Available data Block Start

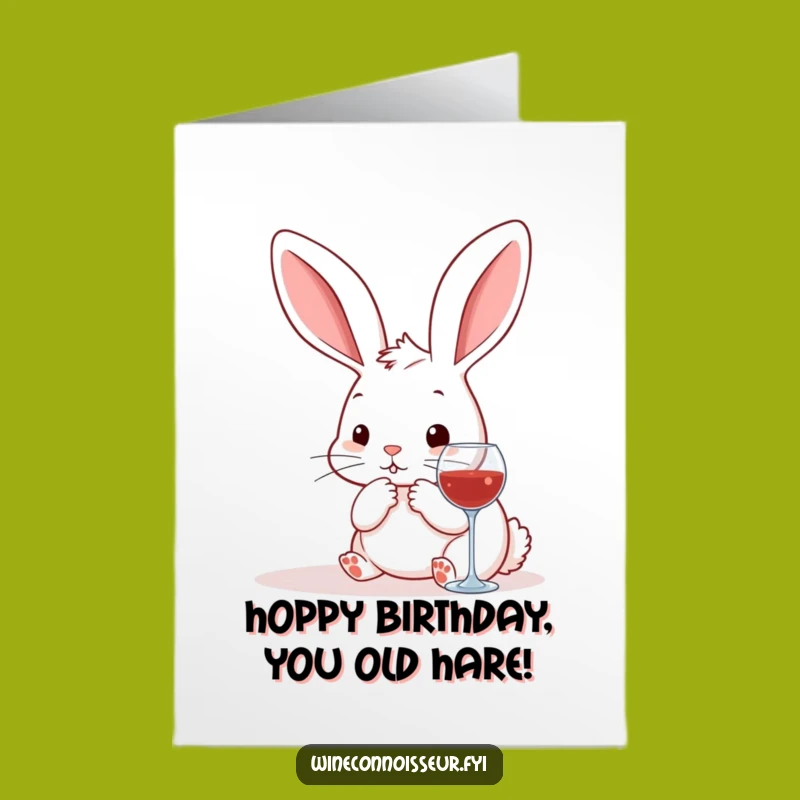 Free Printable Birthday Card: Funny Kawaii Rabbit Wine Pairing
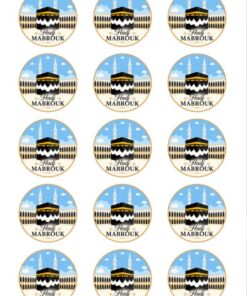 Eetbare print Hadj Mubarak rond 15 stuks (ca. 5cm)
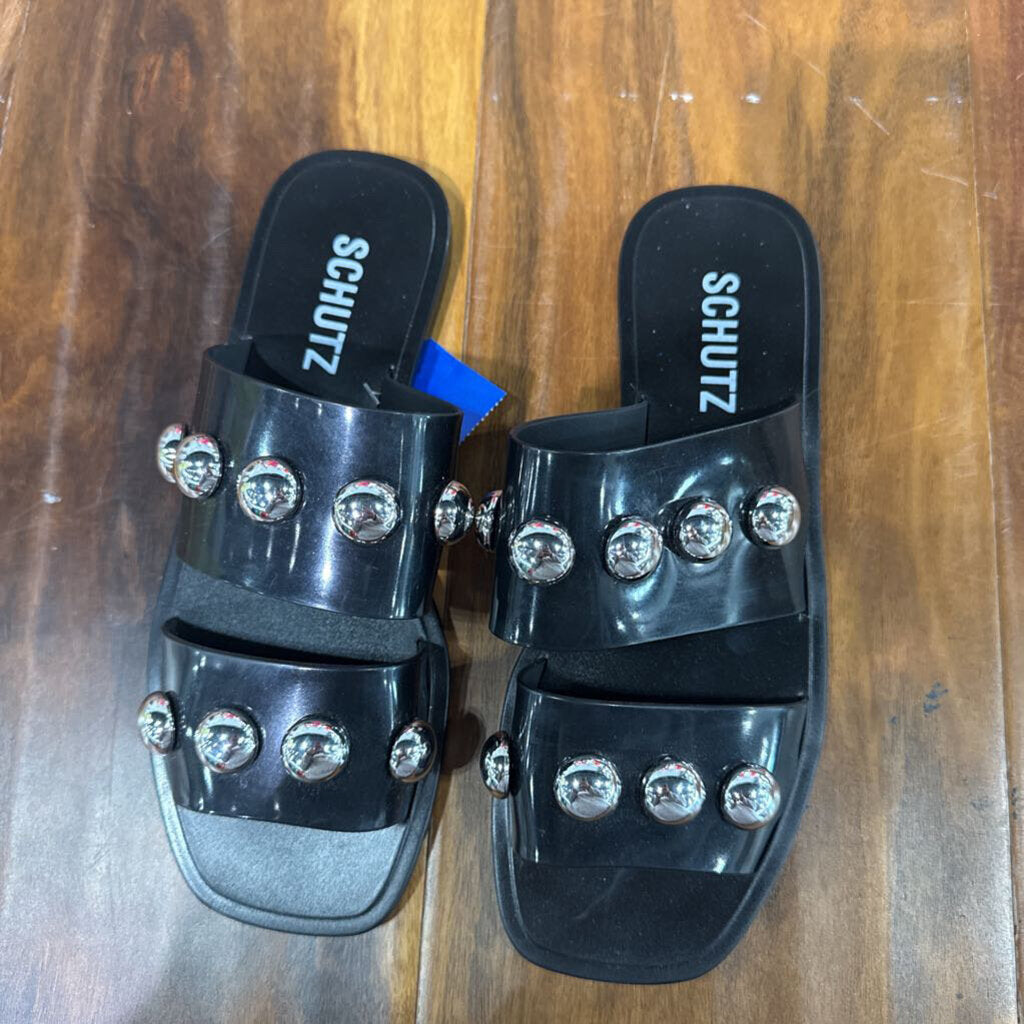 SCHUTZ,*SILVER STUDDED SANDALS,BLACK,6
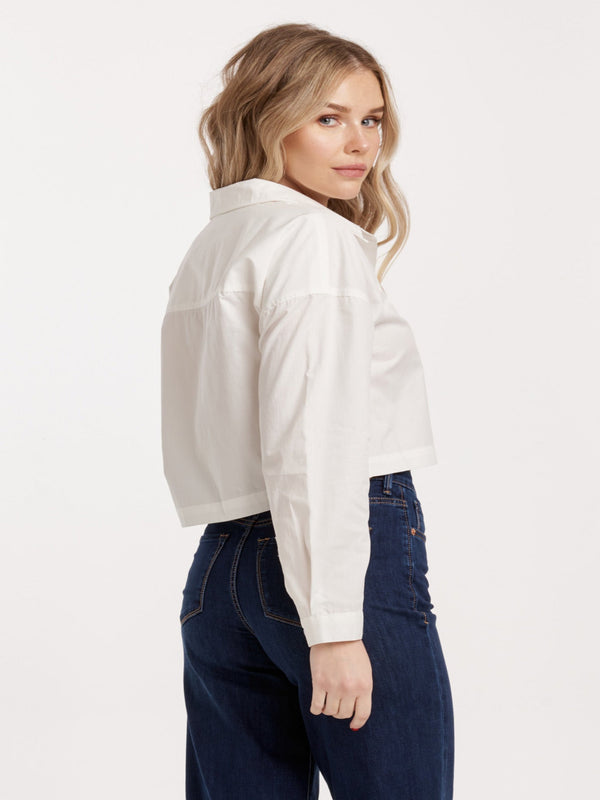 Dear John Cropped Arianna Top - White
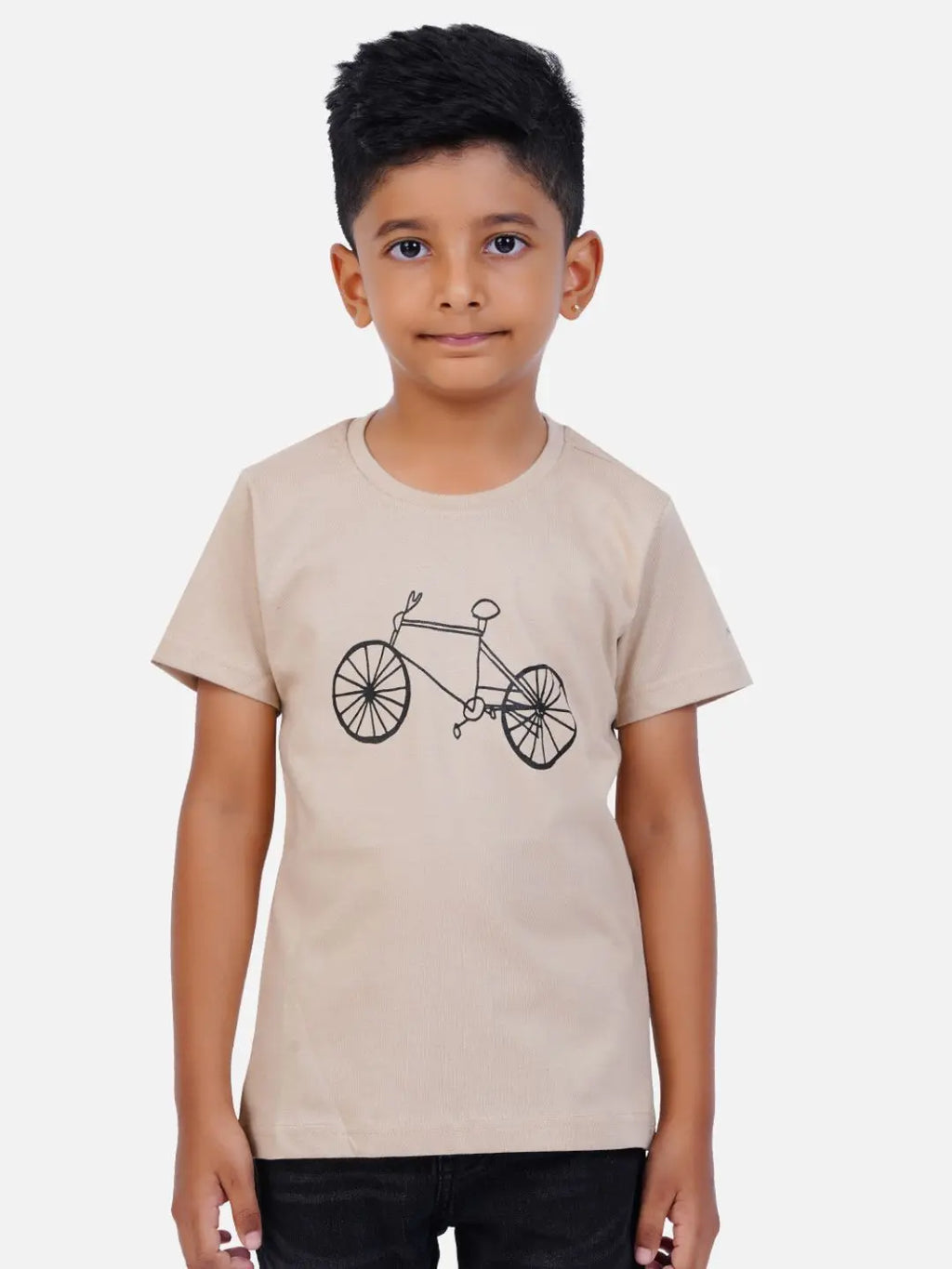AirGarb kids' t-shirt featuring soft black cotton fabric, a round neck, and a stylish bottle green drawn cycle design, perfect for casual wear.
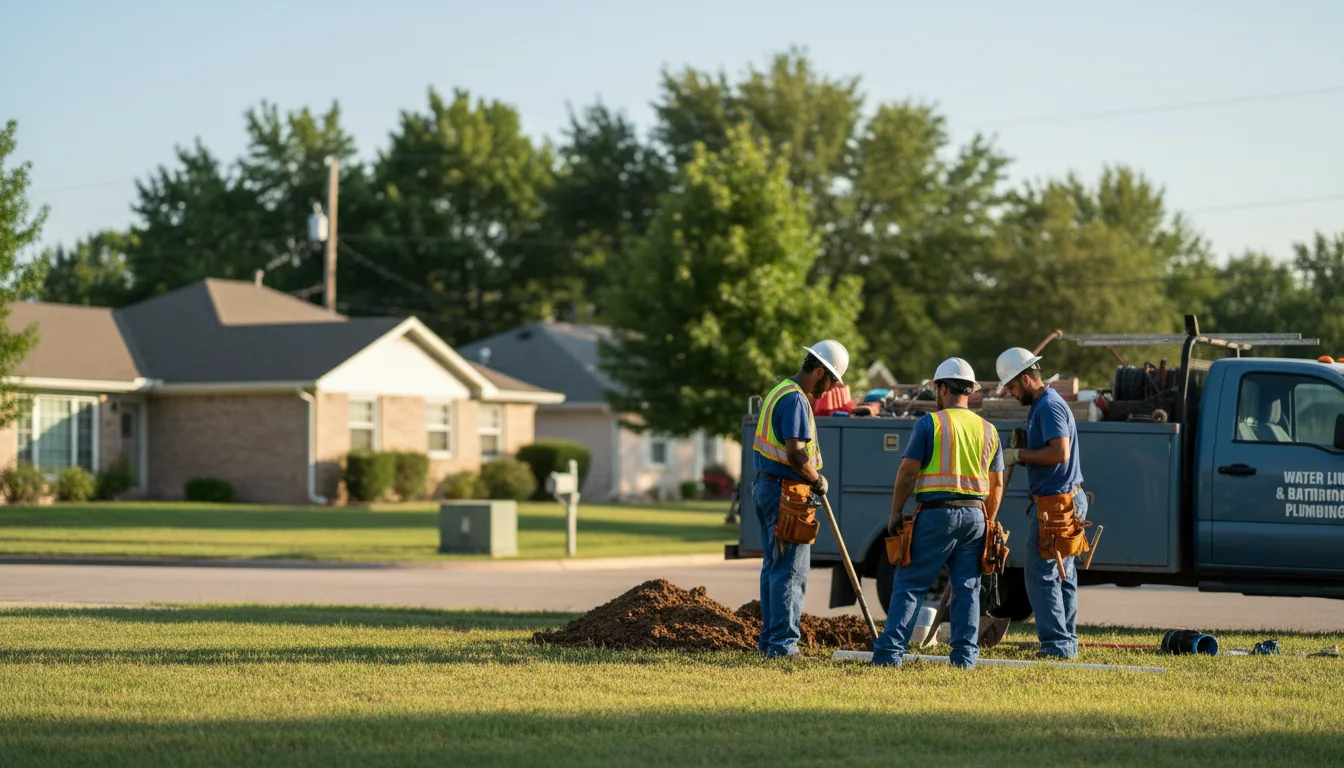 Residential water line and bathroom plumbing service in Lewisville, TX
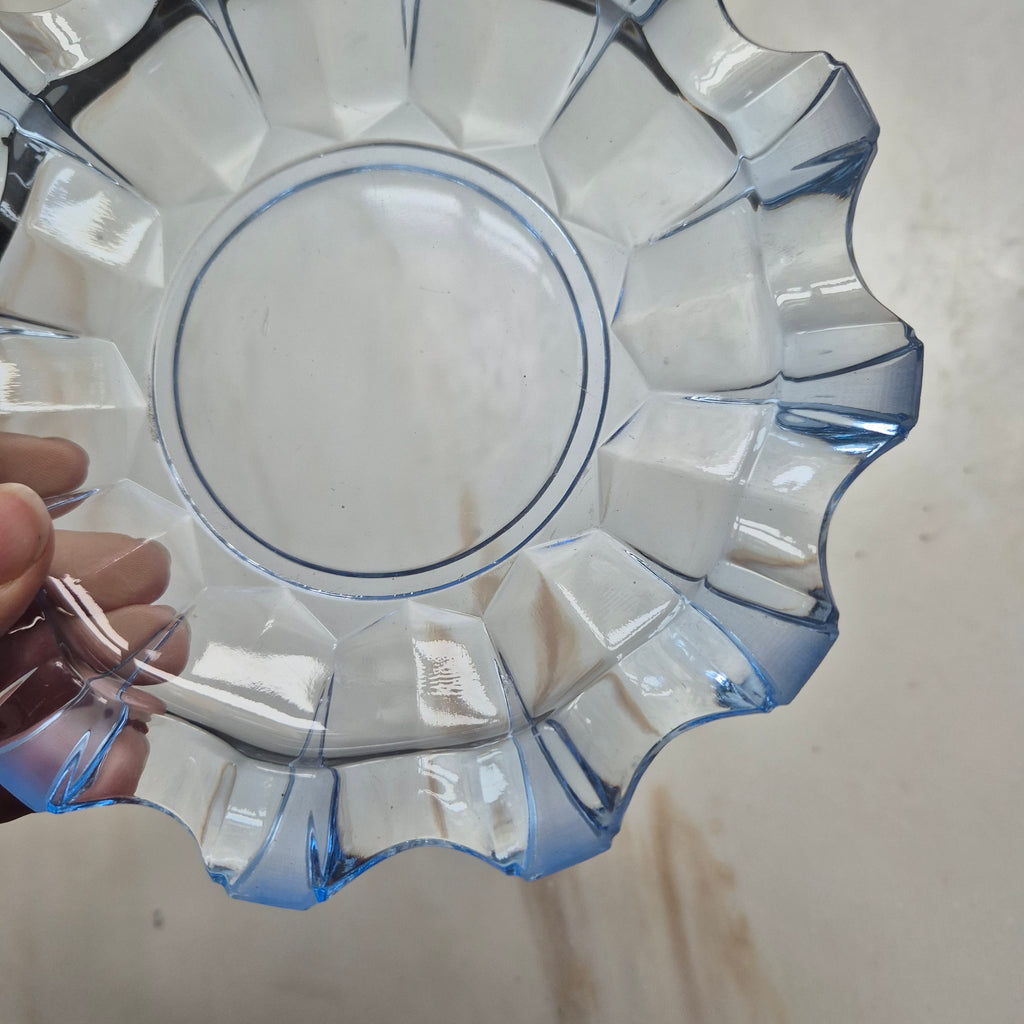 Vintage Teller blau transparent Glasschale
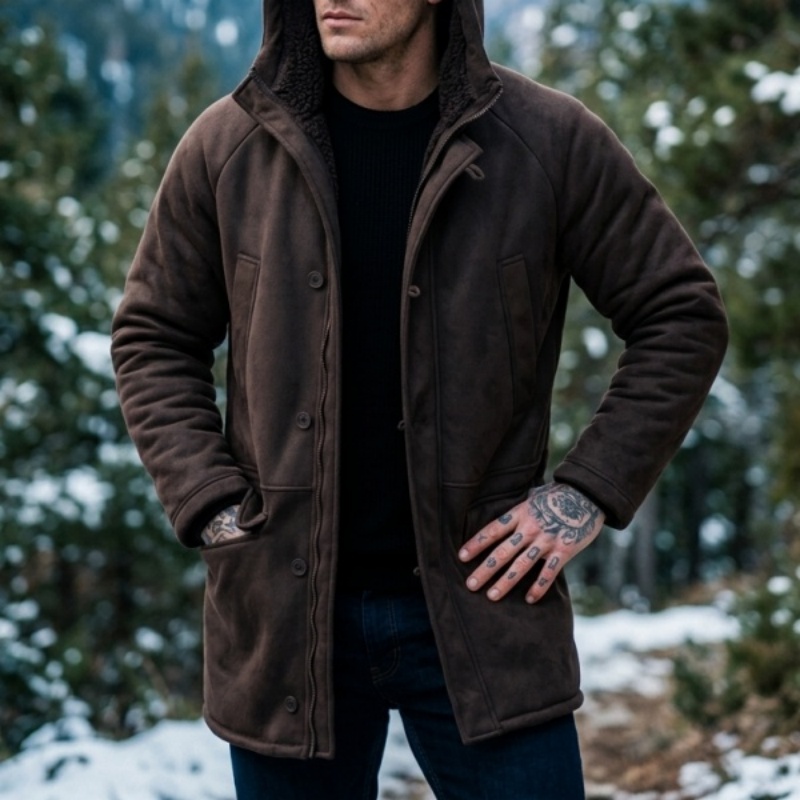 メンズフェイクファー裏地付きフード付き冬用ジャケット |   - Outdoor Hunting Fleece のレビューと価格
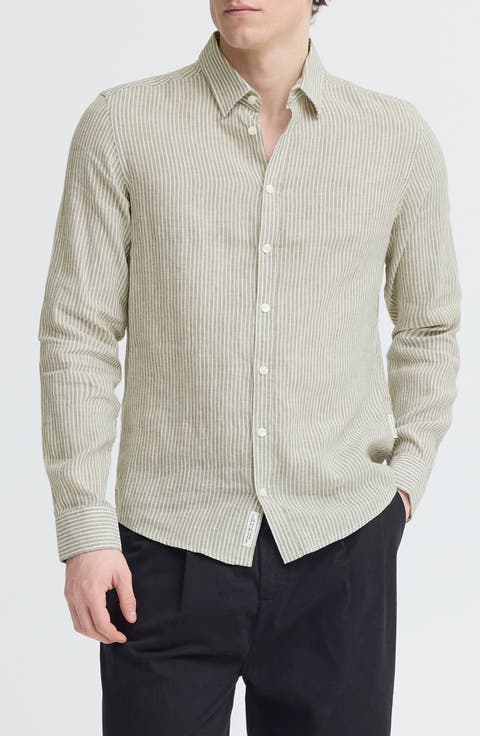 Striped Linen and Cotton Shirt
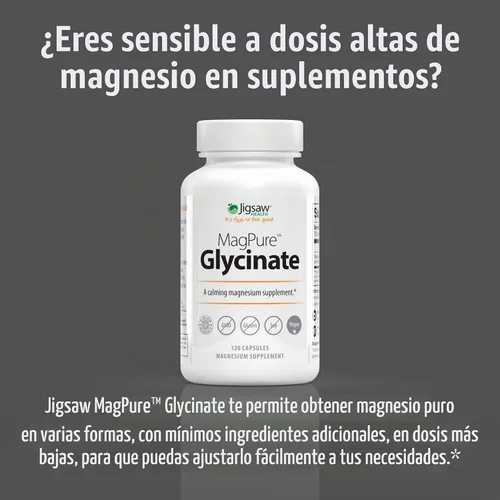 Vista 4 de Jigsaw Health MagPure Glycinate, cápsulas de magnesio premium, 120 cápsulas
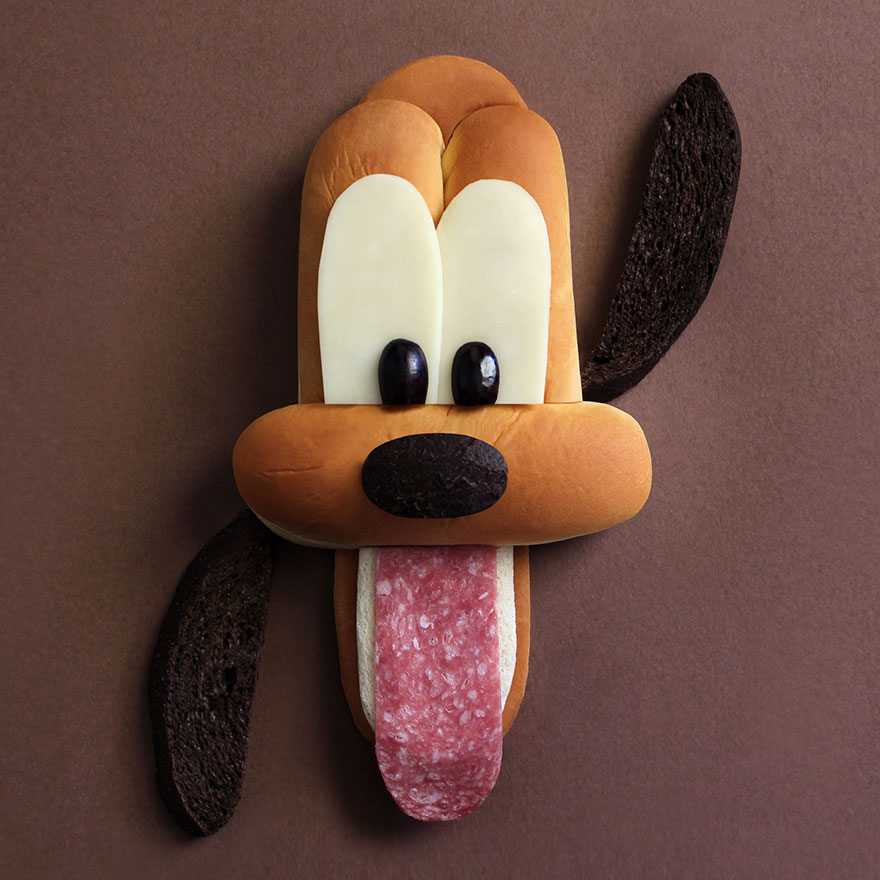 Retratos de animales Disney hechos con panecillos, calabacín y otros alimentos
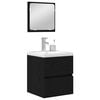 vidaXL Juego de muebles de ba&ntilde;o con caj&oacute;n 2 pcs Roble Negro y
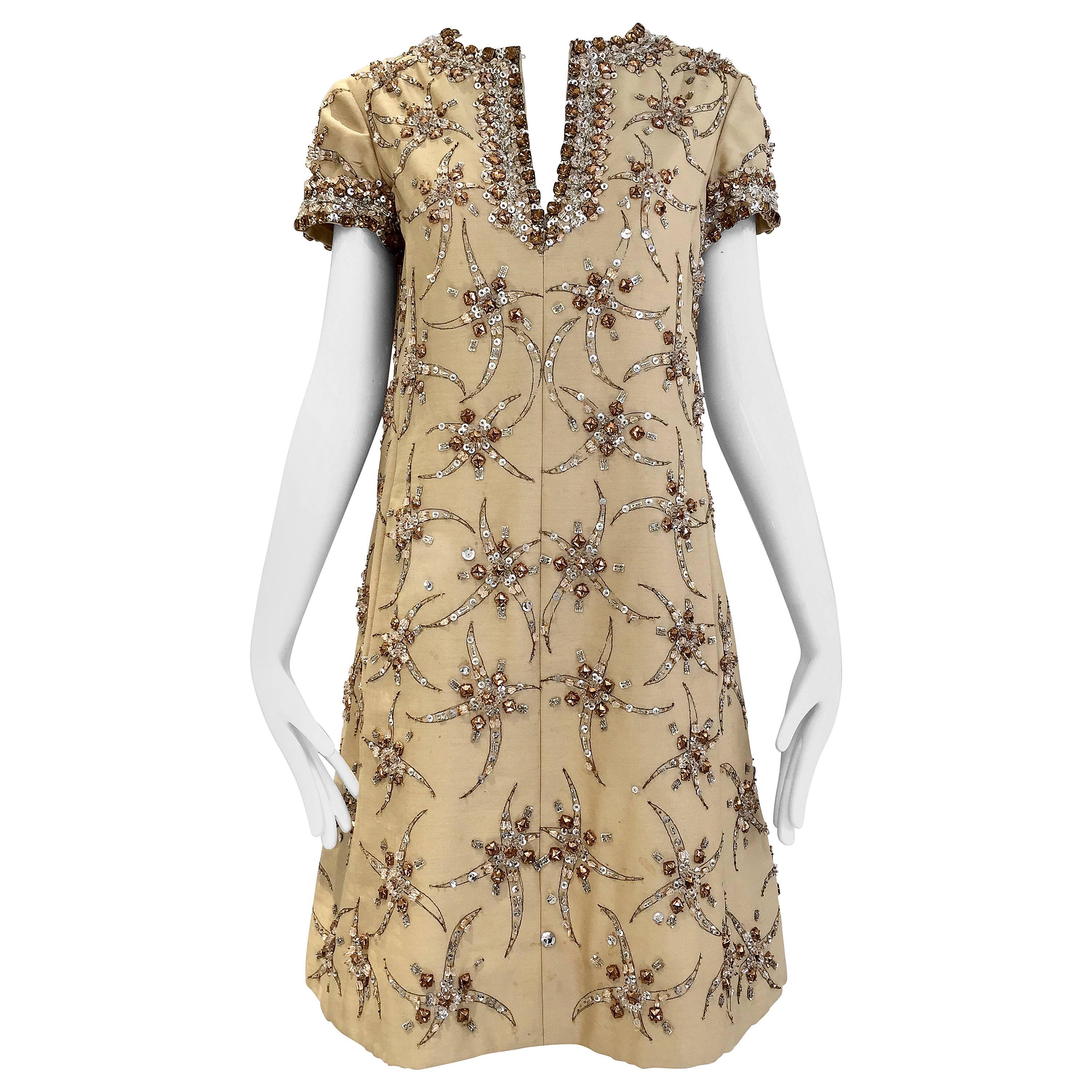 1960s Malcolm Starr coffee cream silk shantung dress with rhinestones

Available data Block End

--- What is being asked ---
"SCHUTZ,*SILVER STUDDED SANDALS,BLACK,6" marks the first line to copy, and "Vista 4 de Jigsaw" marks the last. Repeat that stretch above exactly, with no pictures.

--- Written response ---
 SCHUTZ,*SILVER STUDDED SANDALS,BLACK,6
 Dear John Cropped Arianna Top - White
AirGarb kids' t-shirt featuring soft black cotton fabric, a round neck, and a stylish bottle green drawn cycle design, perfect for casual wear.
 Residential water line and bathroom plumbing service in Lewisville, TX
 Vintage Teller blau transparent Glasschale
 メンズフェイクファー裏地付きフード付き冬用ジャケット |   - Outdoor Hunting Fleece のレビューと価格
 Striped Linen and Cotton Shirt
 Vista 4 de Jigsaw Health MagPure Glycinate, cápsulas de magnesio premium, 120 cápsulas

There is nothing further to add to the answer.